Friday, October 29, 2004

Book Review: The Plot Against America - Philip Roth

Friday, October 29, 2004
In "The Plot Against America" Philip Roth asks the question "What if Charles Lindbergh, instead of FDR, was elected to the Presidency in 1940?" After Lindbergh made his famous transatlantic flight, and after his child was kidnapped and later found dead, Charles Lindbergh began speaking out about the social problem that Jews are for America and for other nations. He was lauded by Nazi Germany, and was known as an anti-Semite by the Jewish population of America. When the Republican Party could not come to a consensus on whom to nominate to run against Roosevelt, and after four failed votes, Charles Lindbergh came into the Convention like a conquering hero and was nearly unanimously nominated. A week before this action, however, Lindbergh had made an anti-Semitic speech, and with the nomination, many Jews are fearful for the future. Lindbergh's main campaign platform is peace. He intends on keeping the United States out of World War II, and on this platform he wins in a landslide. Shortly after taking office he signs peace treaties with Hitler and with Japan and the United States can do nothing but watch as Nazi Germany begins to take over Europe.

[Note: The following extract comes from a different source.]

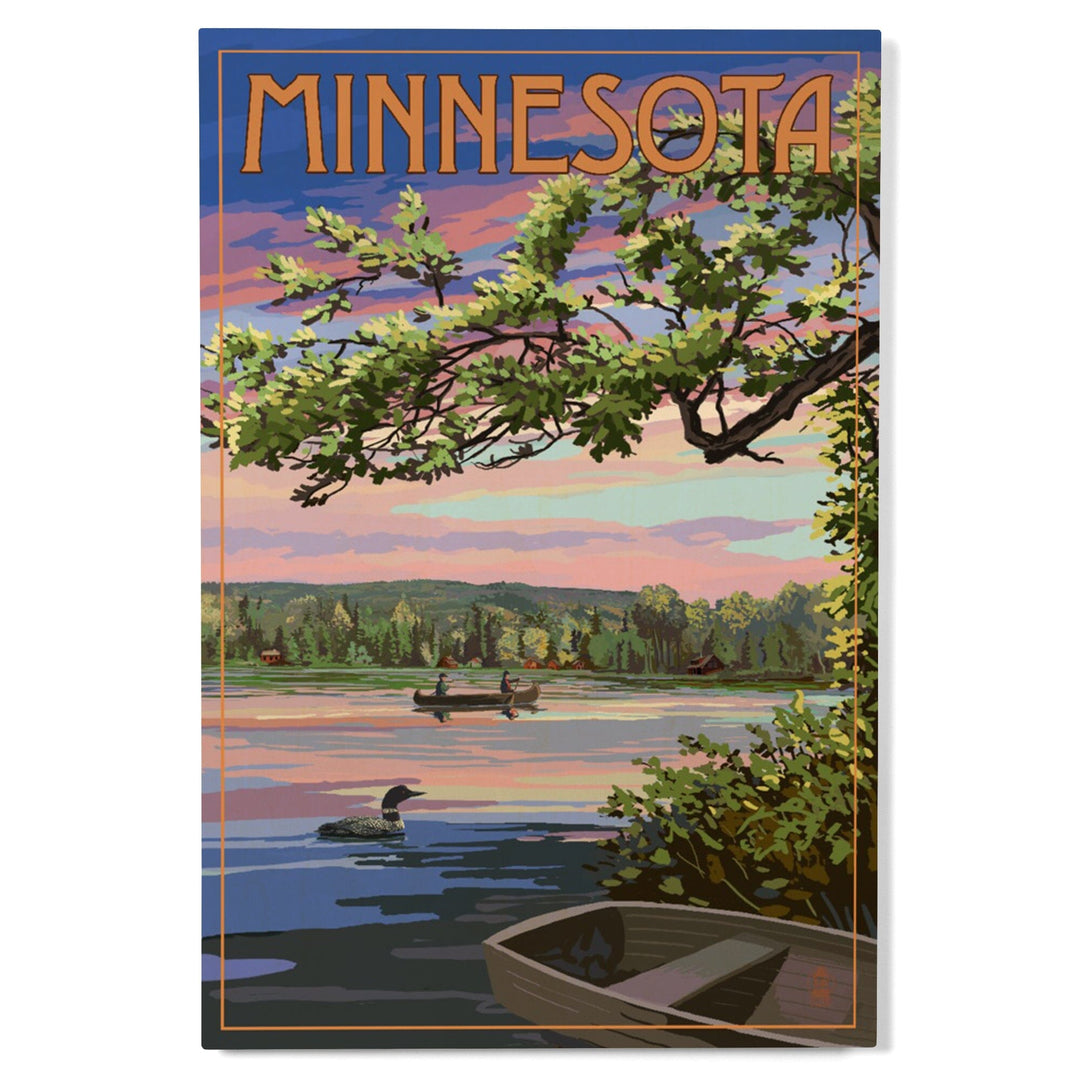 Minnesota, Summer Lake Sunset Scene, Lantern Press Artwork, Wood Signs and Postcards Wood Lantern Press 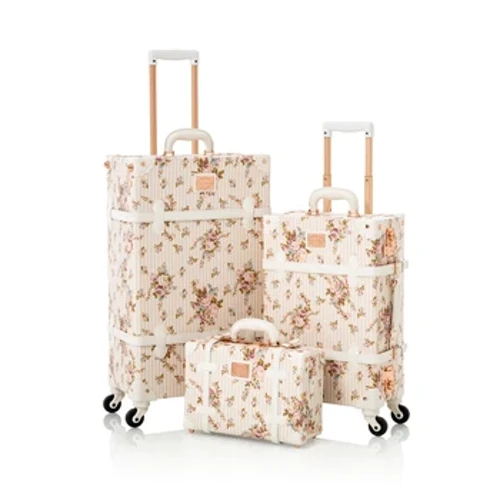 COTRUNKAGE Vintage Bagaj Seti 3 Parça TSA Kilit Çiçek Sevimli Girly Carry-on Bavul Dönücü Tekerlekler ile Kadınlar için, Bej Çiçek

All of the political details that shape the world are just to get the reader in the door and to open the book. It is one of the best ideas for a book, especially one written by Roth, which I have heard of. There could be an excellent political novel with this material, but this is all scenery. The story of "The Plot Against America" is told by 7 year old Philip Roth. This novel is told as if it were a real historical event and we its impact on the Roth family (the author uses the real names of his family). We see the paranoia of Roth's father regarding Lindbergh, whom he considers a Hitler in the making, and how that paranoia and fear only grows and starts to divide the family as Lindbergh's presidency continues. There is a program put into place in which a child (of a certain age) is taken out of the city and spends a summer in a rural community. Philip's older brother is one such child, and when he comes back home Sandy is heavily pro-Lindbergh and is highly critical of the fears of the Jews (including his father). This further divides the family. It is through the lens of the Roth family that the effect of the Lindbergh presidency and the changes it begins to bring to the country and to the Jewish population.

While this is not the novel I had expected, this is an excellent novel. Philip Roth is one of America's masters and he has proved it time and time again. "The Plot Against America" is no exception. Like "American Pastoral", the larger social issues of the novel are told through the experiences of a family. We get a sense of the growing fear of the Jewish population of America, even as riots begin to break out and America experiences its own Kristallnacht. We get a sense of what it may have been like in the early days as the Nazis were first beginning to rise to power and first starting to stretch out and persecute the Jews. This sense is tempered by American Democracy and how much more difficult it would be to have a full fledged fascist regime in this country; and yet, we also see how easy it is to begin. The one real flaw of this novel is the ending. There is no true resolution and (without giving away the ending), the reader does not quite get the sense of the lasting impact of Lindbergh's policies. The ending feels rushed, and unsatisfying. The journey Roth takes us on to get to that ending, however, is highly satisfying.